STUDY MATERIAL: Begin
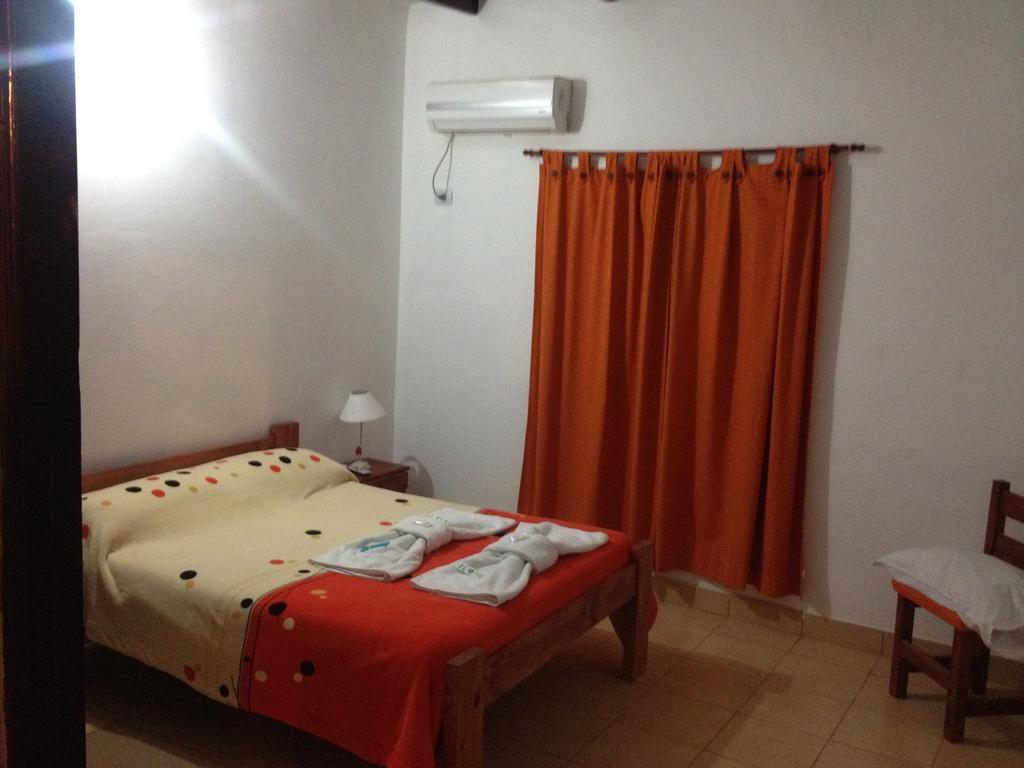 Fiambala Cabanas Pissis 빌라 외부 사진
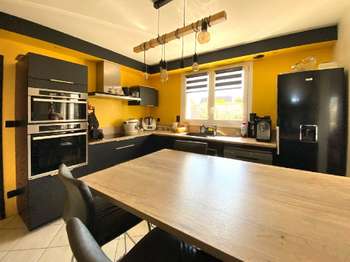 Vente maison 7 pièces Vente maison 7 pièces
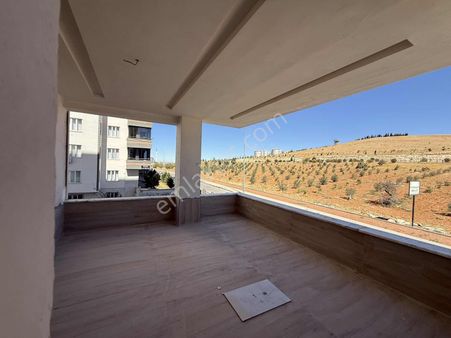 Beymahall Alparslanda Satılık 3+1 Kat Cephe Seçenekli Daireler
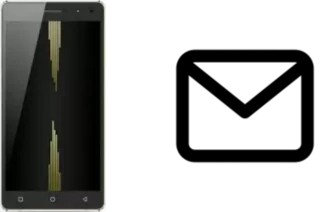 Configurar correo en VKworld T3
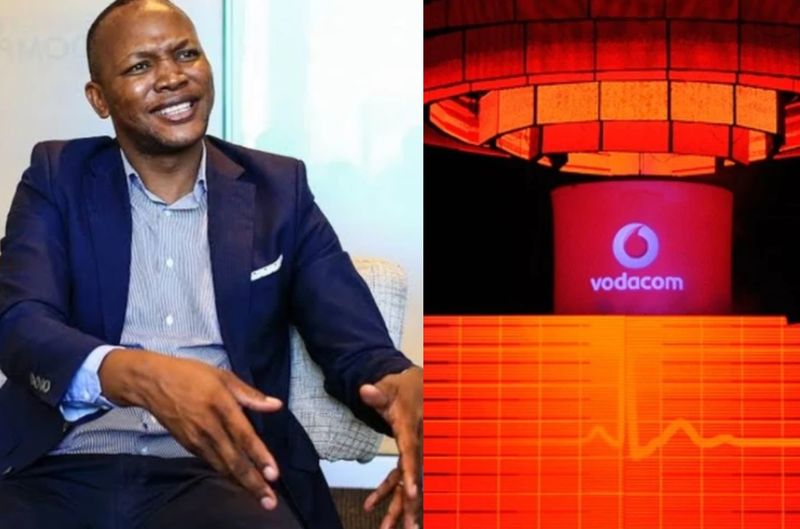 Kenneth Nkosana Makate vs Vodacom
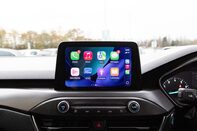 Ford Focus TITANIUM X 29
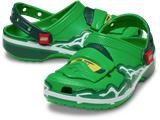 5010451 LEGO NINJAGO Kids Classic Clog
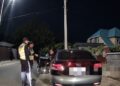 Водителя в состоянии наркотического опьянения задержали в Талдыкоргане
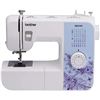 Image 1 : NEW BROTHER XM2701 SEWING MACHINE - 27 STITCHES W/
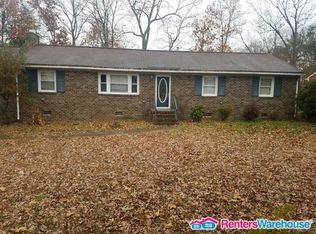 4812 McAllister Dr, Chester, VA 23831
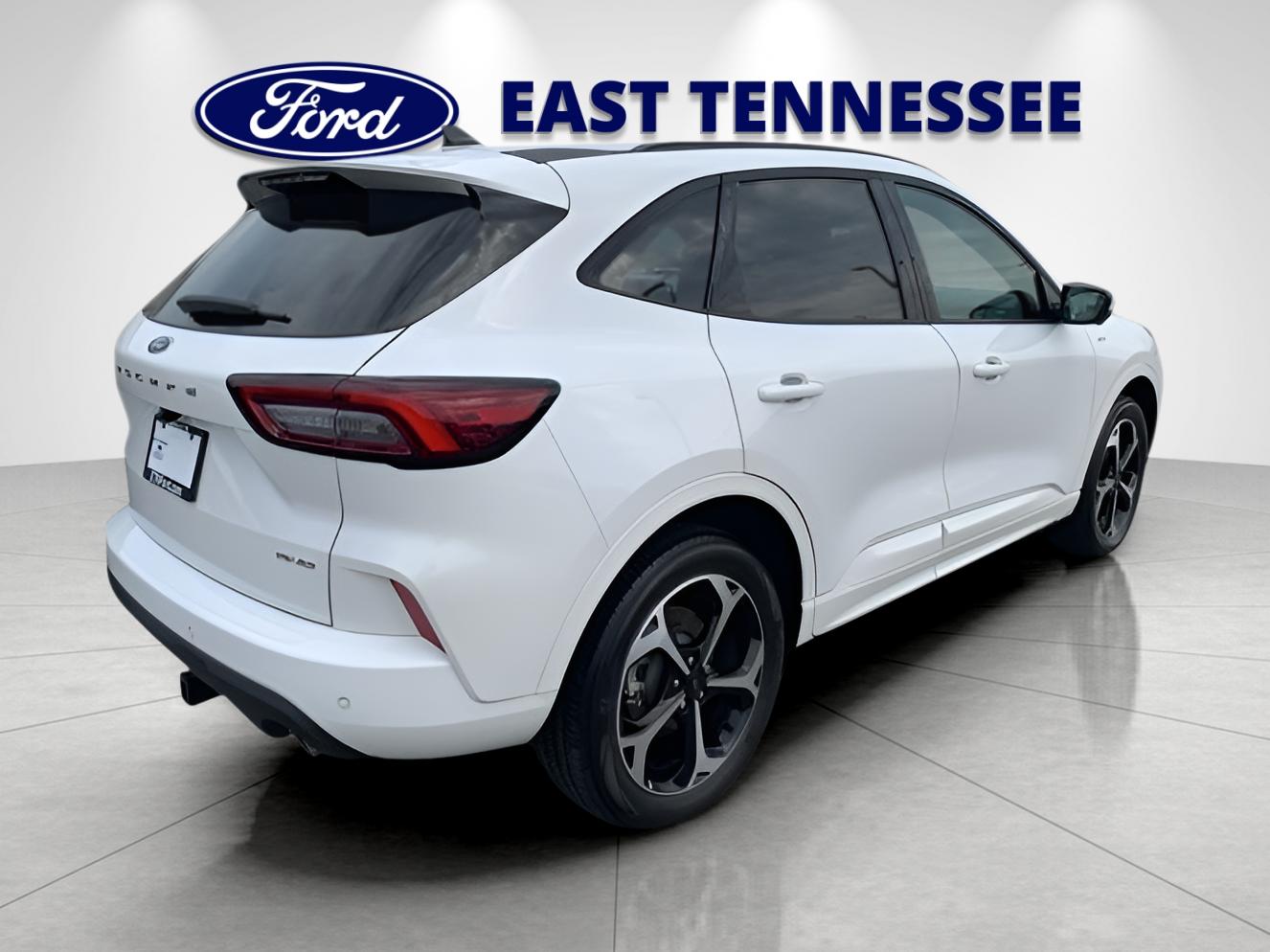 2023 Ford Escape ST-Line Select photo 2
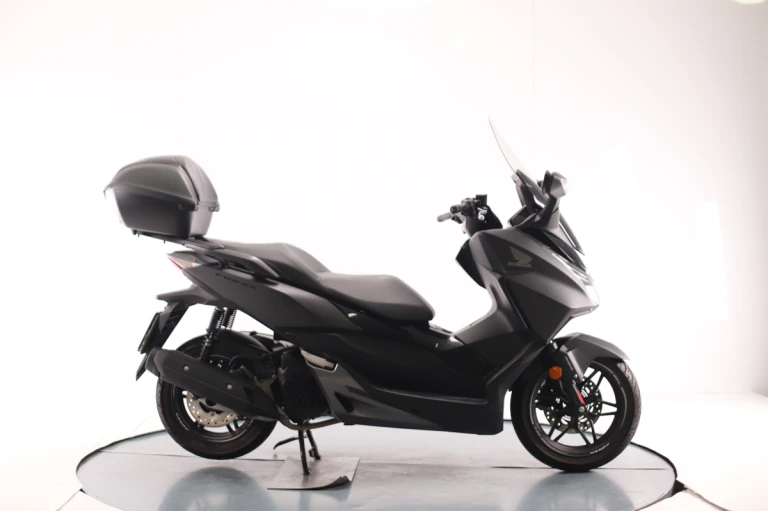 Honda FORZA 125 2017 #4236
STUDY MATERIAL: End
# TASK DIRECTIONS:
Would you copy out every entry above word for word, without the pictures?

# ANSWER SPACE:
 Fiambala Cabanas Pissis 빌라 외부 사진
 Vente maison 7 pièces Vente maison 7 pièces
 Beymahall Alparslanda Satılık 3+1 Kat Cephe Seçenekli Daireler
 Configurar correo en VKworld T3
 Kenneth Nkosana Makate vs Vodacom
 Ford Focus TITANIUM X 29
 5010451 LEGO NINJAGO Kids Classic Clog
 Водителя в состоянии наркотического опьянения задержали в Талдыкоргане
 Image 1 : NEW BROTHER XM2701 SEWING MACHINE - 27 STITCHES W/
 4812 McAllister Dr, Chester, VA 23831
 2023 Ford Escape ST-Line Select photo 2
 Honda FORZA 125 2017 #4236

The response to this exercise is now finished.